§ **WORK INSTRUCTION**:
Your answer is the lines below, exactly, from the one that contains "Las Flores Endémicas" through the one that contains "Stougjesdijk 236 Oud-Beijerland thumbnail 8", both included.

§ **Extracted data entries**:
####################

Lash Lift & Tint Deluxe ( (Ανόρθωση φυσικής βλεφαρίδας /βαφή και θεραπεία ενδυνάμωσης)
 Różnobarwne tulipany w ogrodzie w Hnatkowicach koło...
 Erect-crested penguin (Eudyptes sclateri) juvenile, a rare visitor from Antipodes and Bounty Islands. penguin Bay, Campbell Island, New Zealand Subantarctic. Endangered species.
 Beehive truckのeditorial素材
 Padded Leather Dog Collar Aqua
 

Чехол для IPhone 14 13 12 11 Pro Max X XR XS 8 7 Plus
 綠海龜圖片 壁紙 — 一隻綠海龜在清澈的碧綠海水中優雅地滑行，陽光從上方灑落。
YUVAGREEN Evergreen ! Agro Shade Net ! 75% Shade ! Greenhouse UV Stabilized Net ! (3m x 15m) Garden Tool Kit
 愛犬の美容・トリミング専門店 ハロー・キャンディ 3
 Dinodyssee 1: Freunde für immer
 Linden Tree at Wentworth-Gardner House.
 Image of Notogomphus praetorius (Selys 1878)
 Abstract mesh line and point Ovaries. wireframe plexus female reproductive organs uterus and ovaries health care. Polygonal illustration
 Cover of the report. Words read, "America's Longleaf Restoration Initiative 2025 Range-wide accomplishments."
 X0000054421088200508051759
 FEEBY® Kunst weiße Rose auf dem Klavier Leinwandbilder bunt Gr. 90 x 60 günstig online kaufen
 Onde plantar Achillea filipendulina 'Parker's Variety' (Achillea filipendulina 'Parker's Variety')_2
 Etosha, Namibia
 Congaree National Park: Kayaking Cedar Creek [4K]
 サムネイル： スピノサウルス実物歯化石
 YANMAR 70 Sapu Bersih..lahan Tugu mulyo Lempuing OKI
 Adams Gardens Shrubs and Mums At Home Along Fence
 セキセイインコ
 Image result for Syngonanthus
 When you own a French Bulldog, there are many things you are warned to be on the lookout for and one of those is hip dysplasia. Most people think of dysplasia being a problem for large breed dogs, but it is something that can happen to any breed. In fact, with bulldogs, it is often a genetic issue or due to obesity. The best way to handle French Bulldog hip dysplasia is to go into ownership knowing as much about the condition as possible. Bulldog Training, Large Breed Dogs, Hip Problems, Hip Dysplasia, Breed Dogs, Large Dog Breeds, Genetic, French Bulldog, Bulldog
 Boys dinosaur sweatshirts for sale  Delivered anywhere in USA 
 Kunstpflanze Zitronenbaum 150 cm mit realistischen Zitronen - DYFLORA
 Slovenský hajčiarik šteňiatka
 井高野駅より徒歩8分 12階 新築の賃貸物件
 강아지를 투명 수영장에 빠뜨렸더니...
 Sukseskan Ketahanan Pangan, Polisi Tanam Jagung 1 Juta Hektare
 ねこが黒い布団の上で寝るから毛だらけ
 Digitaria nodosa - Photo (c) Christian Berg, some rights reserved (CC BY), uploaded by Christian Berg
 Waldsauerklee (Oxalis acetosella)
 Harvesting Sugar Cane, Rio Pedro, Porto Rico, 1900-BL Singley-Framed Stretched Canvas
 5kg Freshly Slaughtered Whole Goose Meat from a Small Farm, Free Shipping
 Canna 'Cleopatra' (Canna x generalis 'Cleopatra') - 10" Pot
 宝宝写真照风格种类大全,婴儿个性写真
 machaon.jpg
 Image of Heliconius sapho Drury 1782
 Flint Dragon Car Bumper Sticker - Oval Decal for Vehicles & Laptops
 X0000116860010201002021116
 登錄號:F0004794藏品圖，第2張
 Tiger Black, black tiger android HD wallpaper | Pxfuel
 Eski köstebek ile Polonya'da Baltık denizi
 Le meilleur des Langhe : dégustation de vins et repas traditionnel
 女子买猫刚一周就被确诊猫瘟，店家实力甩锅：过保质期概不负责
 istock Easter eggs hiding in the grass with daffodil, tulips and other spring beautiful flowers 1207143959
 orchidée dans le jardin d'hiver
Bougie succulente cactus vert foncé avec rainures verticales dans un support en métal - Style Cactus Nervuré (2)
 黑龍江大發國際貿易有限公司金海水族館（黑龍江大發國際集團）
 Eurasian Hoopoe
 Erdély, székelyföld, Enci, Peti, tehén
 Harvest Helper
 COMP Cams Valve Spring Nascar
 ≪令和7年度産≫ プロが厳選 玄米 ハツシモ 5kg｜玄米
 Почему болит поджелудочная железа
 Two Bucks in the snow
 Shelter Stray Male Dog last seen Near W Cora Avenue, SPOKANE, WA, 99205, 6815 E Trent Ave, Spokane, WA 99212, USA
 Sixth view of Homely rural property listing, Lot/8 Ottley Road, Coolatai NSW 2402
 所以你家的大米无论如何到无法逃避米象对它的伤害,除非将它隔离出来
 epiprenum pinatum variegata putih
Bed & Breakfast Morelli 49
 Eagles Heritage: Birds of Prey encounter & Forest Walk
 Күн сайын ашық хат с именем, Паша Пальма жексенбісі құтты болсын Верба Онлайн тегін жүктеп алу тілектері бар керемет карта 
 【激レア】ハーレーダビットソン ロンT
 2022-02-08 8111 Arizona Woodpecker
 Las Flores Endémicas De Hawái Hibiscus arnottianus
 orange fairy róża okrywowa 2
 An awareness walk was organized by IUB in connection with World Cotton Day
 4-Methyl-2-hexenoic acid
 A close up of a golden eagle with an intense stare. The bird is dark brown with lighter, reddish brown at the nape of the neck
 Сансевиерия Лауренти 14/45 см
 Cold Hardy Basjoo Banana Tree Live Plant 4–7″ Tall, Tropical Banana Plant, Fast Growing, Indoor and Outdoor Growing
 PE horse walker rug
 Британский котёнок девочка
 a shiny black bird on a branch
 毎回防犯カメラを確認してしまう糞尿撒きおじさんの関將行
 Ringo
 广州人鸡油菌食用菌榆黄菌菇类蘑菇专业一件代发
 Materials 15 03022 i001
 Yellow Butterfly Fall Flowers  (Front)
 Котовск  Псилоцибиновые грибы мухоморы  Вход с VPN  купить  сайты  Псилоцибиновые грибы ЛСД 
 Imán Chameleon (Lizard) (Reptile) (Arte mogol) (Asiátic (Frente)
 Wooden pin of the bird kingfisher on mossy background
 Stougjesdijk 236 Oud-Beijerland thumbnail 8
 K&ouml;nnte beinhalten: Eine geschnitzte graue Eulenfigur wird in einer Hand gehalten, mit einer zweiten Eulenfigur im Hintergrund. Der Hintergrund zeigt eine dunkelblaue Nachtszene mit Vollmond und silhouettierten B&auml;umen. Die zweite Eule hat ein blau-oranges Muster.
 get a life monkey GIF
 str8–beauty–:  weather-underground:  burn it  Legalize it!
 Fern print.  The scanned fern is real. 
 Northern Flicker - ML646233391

####################

§ **WRITTEN REPLY**:
 Las Flores Endémicas De Hawái Hibiscus arnottianus
 orange fairy róża okrywowa 2
 An awareness walk was organized by IUB in connection with World Cotton Day
 4-Methyl-2-hexenoic acid
 A close up of a golden eagle with an intense stare. The bird is dark brown with lighter, reddish brown at the nape of the neck
 Сансевиерия Лауренти 14/45 см
 Cold Hardy Basjoo Banana Tree Live Plant 4–7″ Tall, Tropical Banana Plant, Fast Growing, Indoor and Outdoor Growing
 PE horse walker rug
 Британский котёнок девочка
 a shiny black bird on a branch
 毎回防犯カメラを確認してしまう糞尿撒きおじさんの関將行
 Ringo
 广州人鸡油菌食用菌榆黄菌菇类蘑菇专业一件代发
 Materials 15 03022 i001
 Yellow Butterfly Fall Flowers  (Front)
 Котовск  Псилоцибиновые грибы мухоморы  Вход с VPN  купить  сайты  Псилоцибиновые грибы ЛСД 
 Imán Chameleon (Lizard) (Reptile) (Arte mogol) (Asiátic (Frente)
 Wooden pin of the bird kingfisher on mossy background
 Stougjesdijk 236 Oud-Beijerland thumbnail 8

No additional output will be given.